Internally, the DiskQueue adds page headers every 4K, which are stripped out
from the returned data.  Therefore, the length of the result will not be the
same as `end-start`, intentionally.  For this reason, the API is `(start, end)`
and not `(start, length)`.

Spilled data, when using spill-by-value, was resistent to bitrot via data being
checksummed interally within SQLite's B-tree.  Now that reads can be done
directly, the responsibility for verifing data integrity falls upon the
DiskQueue.  `CheckHashes::YES` will cause the DiskQueue to use the checksum in
each DiskQueue page to verify data integrity.  If an externally maintained
checksums exists to verify the returned data, then `CheckHashes::NO` can be
used to elide the checksumming.

### Popping

As storage servers persist data, they send `pop(tag, version)` requests to the
transaction log to notify it that it is allowed to discard data for `tag` up
through `version`.  Once all the tags have been popped from the oldest commit
in the DiskQueue, the tail of the DiskQueue can be discarded to reclaim space.


Each time FoundationDB goes through a recovery, it will recruit a new
generation of transaction logs.  This new generation of transaction logs will
often be recruited on the same worker that hosted the previous generation's
transaction log.  The old generation of transaction logs will only shut down
once all the data that they have has been fully popped.  This means that there
can be multiple instances of a transaction log 

*********************************************************
*                   SharedTLog                          *
*                                                       *
* +--------+--------+--------+--------+--------+        *
* | TLog 1 | TLog 2 | TLog 3 | TLog 4 | TLog 5 |        *
* +--------+--------+--------+--------+--------+        *
*   ^ popping         ^spilling         ^committing     * 
*********************************************************


### Transaction State Store

For FDB to perform a recovery, there is information that it needs to know about
the database, such as the configuration, worker exclusions, backup status, etc.
These values are stored into the database in the `\xff` system keyspace.
However, during a recovery, FDB can't read this data from the storage servers,
because recovery hasn't completed, so it doesn't know who the storage servers
are yet.  Thus, a copy of this data is held in-memory on every proxy in the
*transaction state store*, and durably persisted as a part of commits on the
transaction logs.  Being durably stored on the transaction logs means the list
of transaction logs can be fetched from the coordinators, and then used to load
the rest of the information about the database.
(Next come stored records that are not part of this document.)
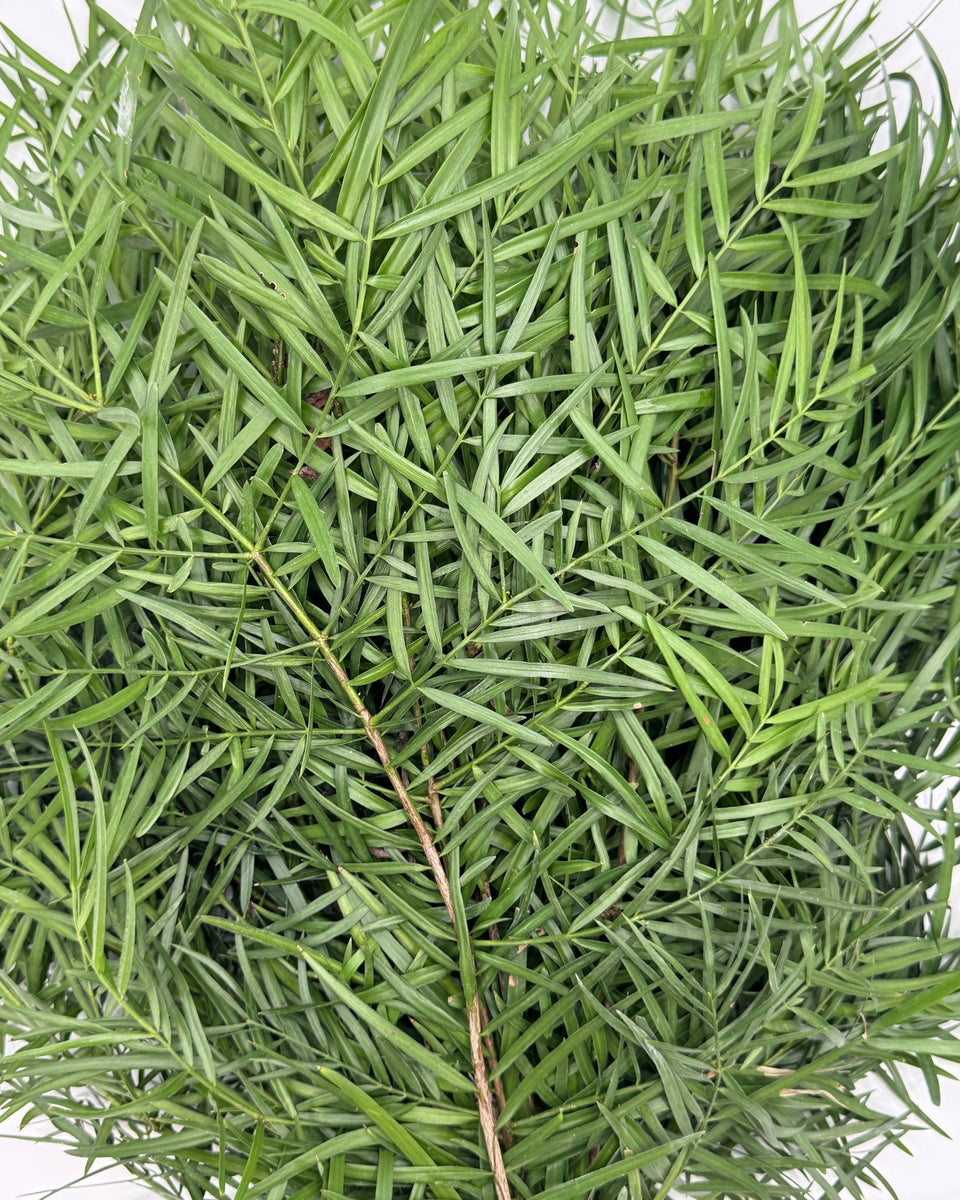 Weeping Podocarpus Bunches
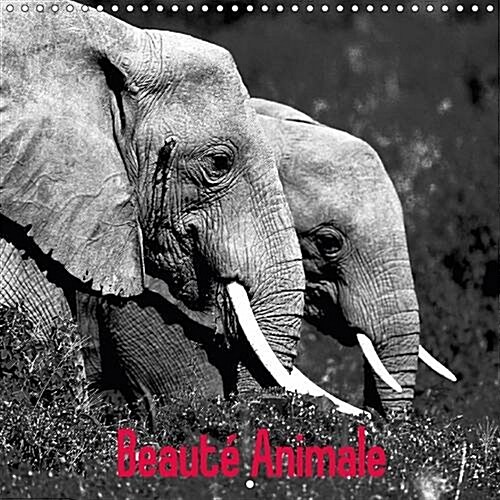 Beaute Animale 2017 : Notre Planete Est Riche De Spectacles Naturels Uniques (Calendar, 2 ed)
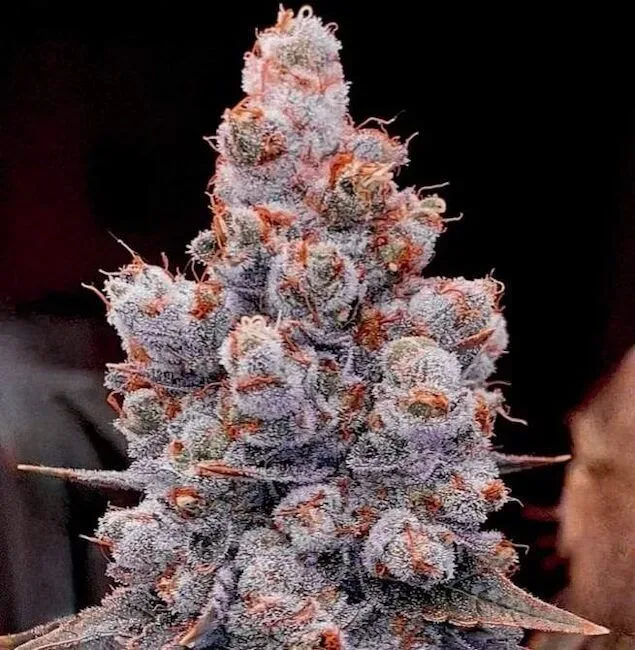 Banana Jealousy RF3 Auto Feminized Seeds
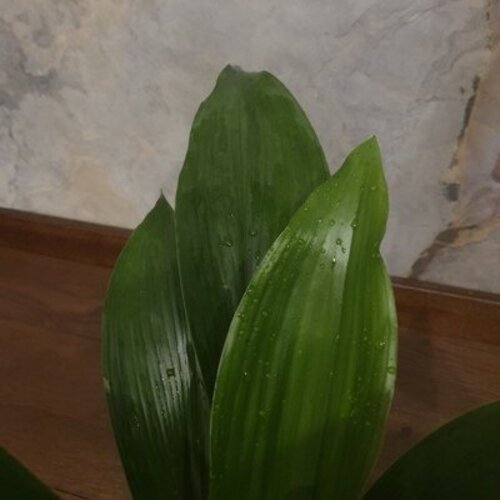 Aspidistra elatior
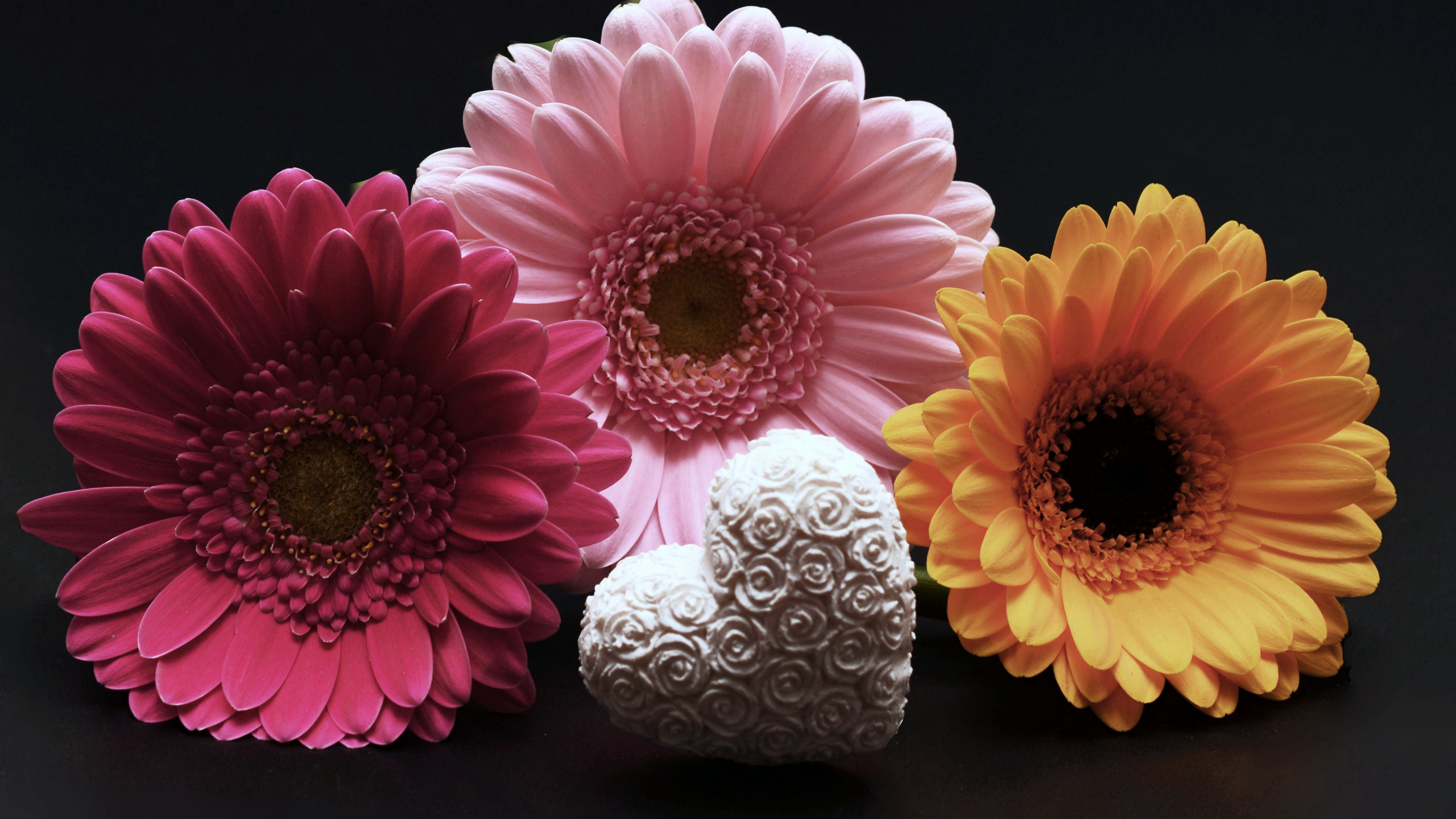 Обои Маргаритка barberton, гербера, цветок, розовый, лепесток в разрешении 2560x1440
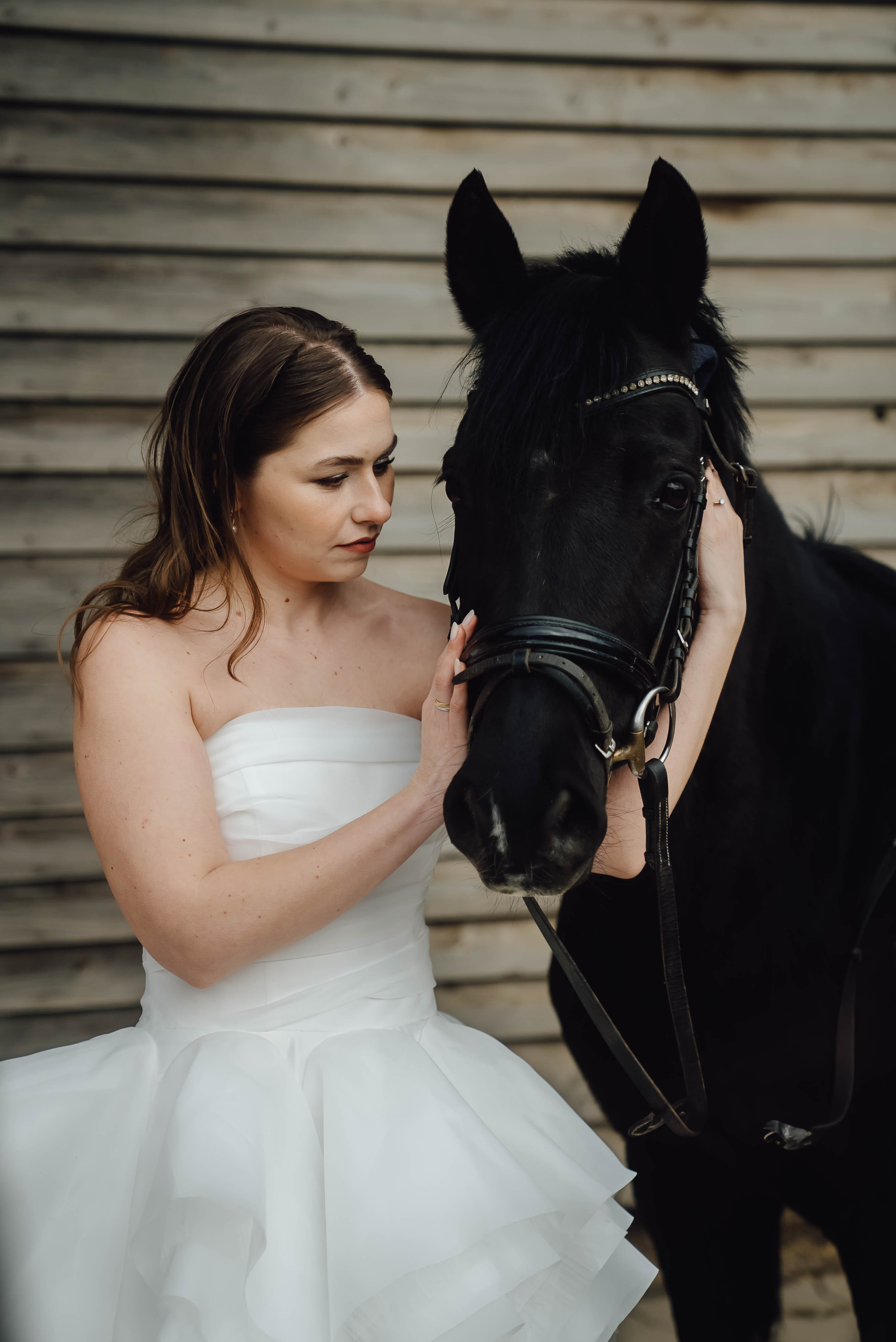 Heiraten mit Pferd 232 Heiraten mit Pferd 232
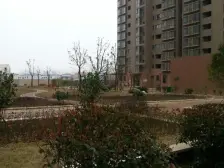 小区管理严谨,干净整洁。全明户型,方形板正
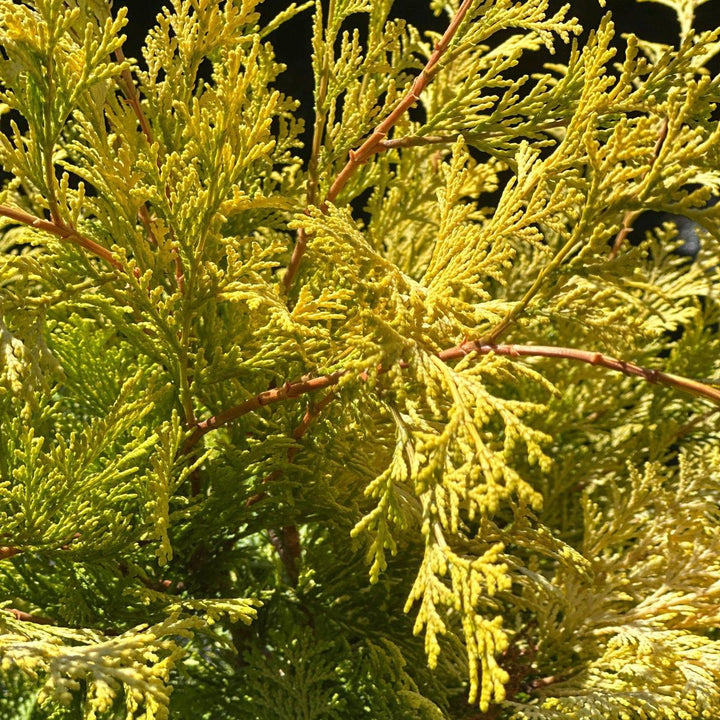 Cripps Golden Hinoki Cypress |Spotswood Greenery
The in-memory storage engine writes an equal amount of mutations and snapshot
data to a queue, an when a full snapshot of the data has been written, deletes
the preceeding snapshot and begins writing a new one.  When backing an
in-memory storage engine with the transaction logs, the
`LogSystemDiskQueueAdapter` implements writing to a queue as committing
mutations to the transaction logs with a special tag of `txsTag`, and deleting
the preceeding snapshot as popping the transaction logs for the tag of `txsTag`
until the version where the last full snapshot began.

This means that unlike every other commit that is tagged and stored on the
transaction logs, `txsTag` signifies data that is:

1. Committed to infrequently
2. Only peeked on recovery
3. Popped infrequently, and a large portion of the data is popped at once
4. A small total volume of data

The most problematic of these is the infrequent popping.  Unpopped data will be
spilled after some time, and if `txsTag` data is spilled and not popped, it
will prevent the DiskQueue from being popped as well.  This will cause the
DiskQueue to grow continuously.  The infrequent commits and small data volume
means that there benefits of spill-by-reference over spill-by-value don't apply
for this tag.

Thus, even when configured to spill-by-reference, `txsTag` is spilled by value.

### Disk Queue Recovery

If a transaction log dies and restarts, all commits that were in memory at the
time of the crash must be loaded back into memory.  Recovery is blocked on this
process, as there might have been a commit to the transaction state store
immediately before crashing, and that data needs to be fully readable during a
recovery.

In spill-by-value, the DiskQueue only ever contained commits that were also
held in memory, and thus recovery would need to read up to 1.5GB of data.  With
spill-by-reference, the DiskQueue could theoretically contain terrabytes of
data. To keep recovery times boundedly low, FDB must still only read the
commits that need to be loaded back into memory.

This is done by persisting the location in the DiskQueue of the last spilled
commit to the SQLite B-Tree.  This is done in the same transaction as the
spilling of that commit.  This provides an always accurate pointer to where
data that needs to be loaded into memory begins.  The pointer is to the
beginning of the last commit rather than the end, to make sure that the pointer
is always contained within the DiskQueue.  This provides extra sanity checking
on the validity of the DiskQueue's contents at recovery, at the cost of
potentially reading 10MB more than what would be required.

## Testing

Correctness bugs in spilling would manifest as data corruption, which is well covered by simulation.
The only special testing code added was to enable changing `log_spill` in `ConfigureTest`.
This covers switching between spilling methods in the presence of faults.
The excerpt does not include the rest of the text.